═══ RECORDS FOR THE EXERCISE ═══

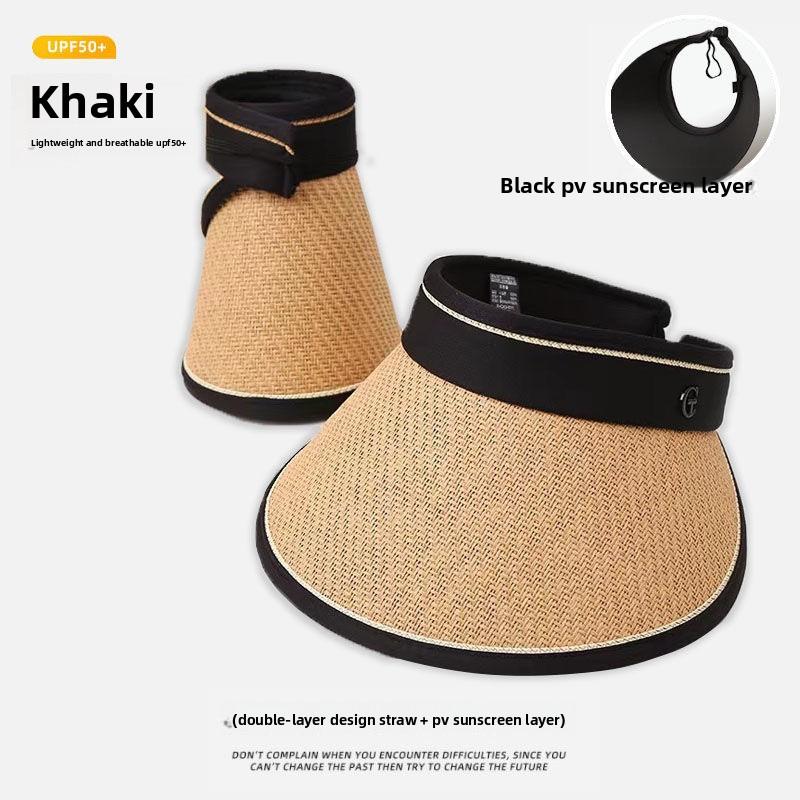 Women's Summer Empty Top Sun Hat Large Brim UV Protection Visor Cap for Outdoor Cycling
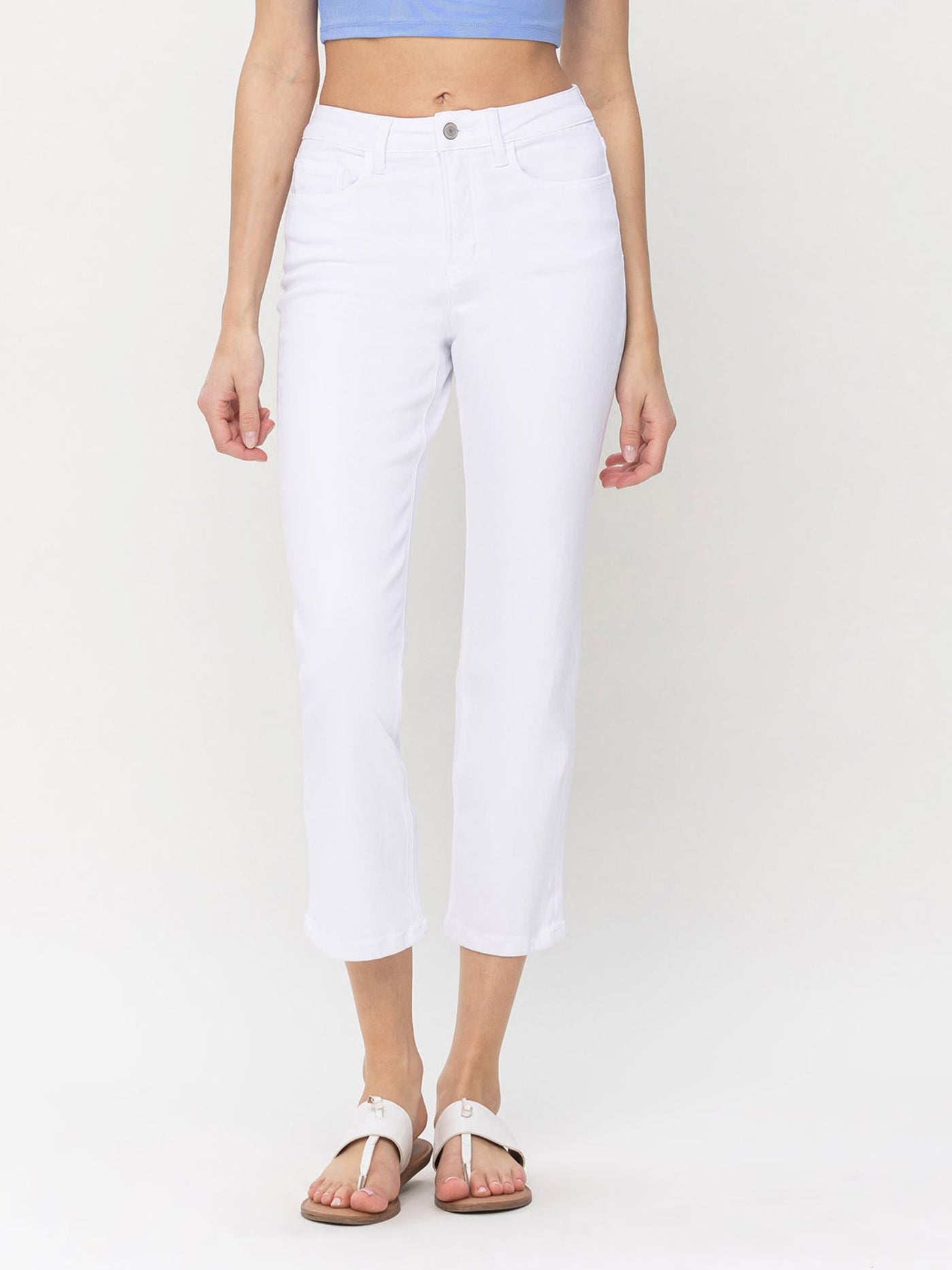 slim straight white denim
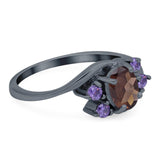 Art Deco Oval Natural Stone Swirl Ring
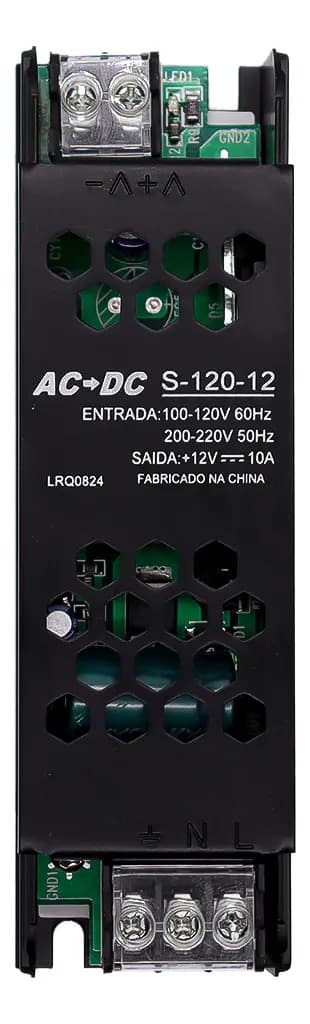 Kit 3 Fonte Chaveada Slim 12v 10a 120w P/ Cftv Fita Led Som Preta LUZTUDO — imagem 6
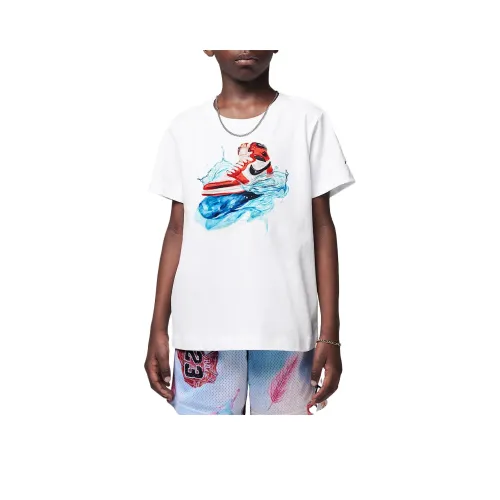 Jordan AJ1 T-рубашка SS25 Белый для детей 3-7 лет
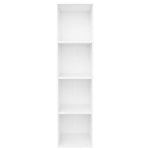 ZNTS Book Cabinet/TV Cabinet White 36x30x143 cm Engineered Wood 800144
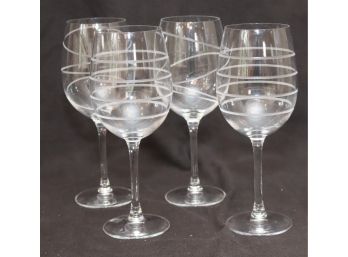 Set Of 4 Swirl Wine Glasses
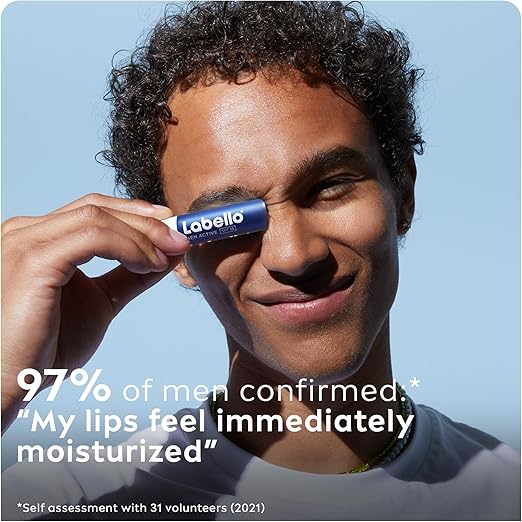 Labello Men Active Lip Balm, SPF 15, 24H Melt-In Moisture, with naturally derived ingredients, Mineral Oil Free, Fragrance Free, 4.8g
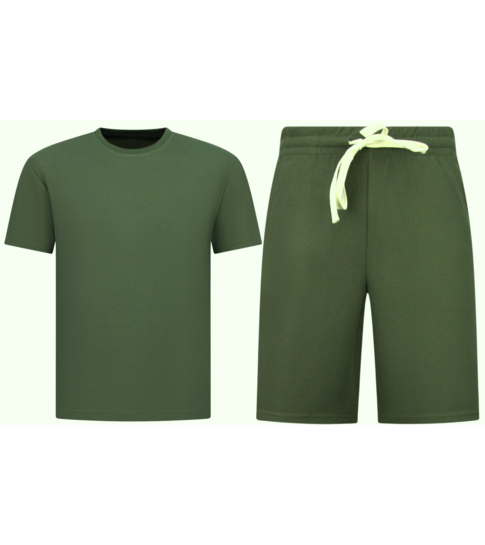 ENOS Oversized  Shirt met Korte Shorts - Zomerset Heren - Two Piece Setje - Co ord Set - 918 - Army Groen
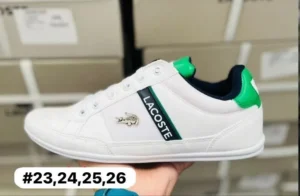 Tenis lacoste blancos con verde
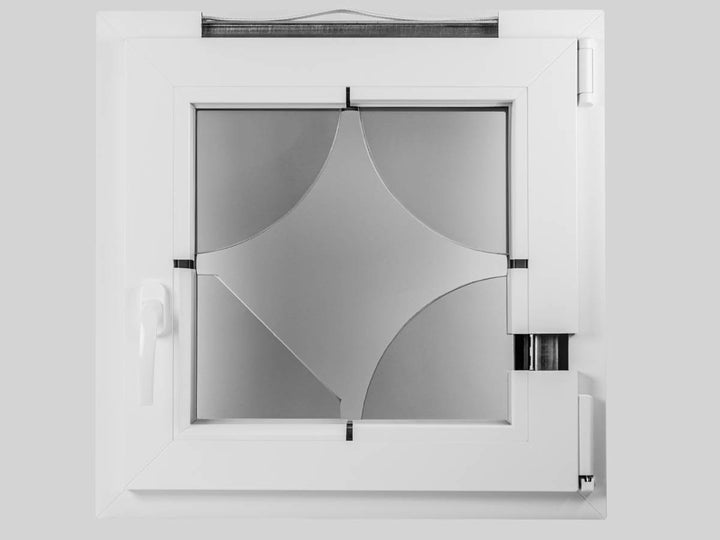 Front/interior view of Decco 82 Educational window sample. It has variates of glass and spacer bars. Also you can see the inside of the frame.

═══

Only the lines from the one with "Tenis lacoste blancos con verde" through the final line of the entries above should be transcribed, exactly and without pictures.

 Tenis lacoste blancos con verde
 Front/interior view of Decco 82 Educational window sample. It has variates of glass and spacer bars. Also you can see the inside of the frame.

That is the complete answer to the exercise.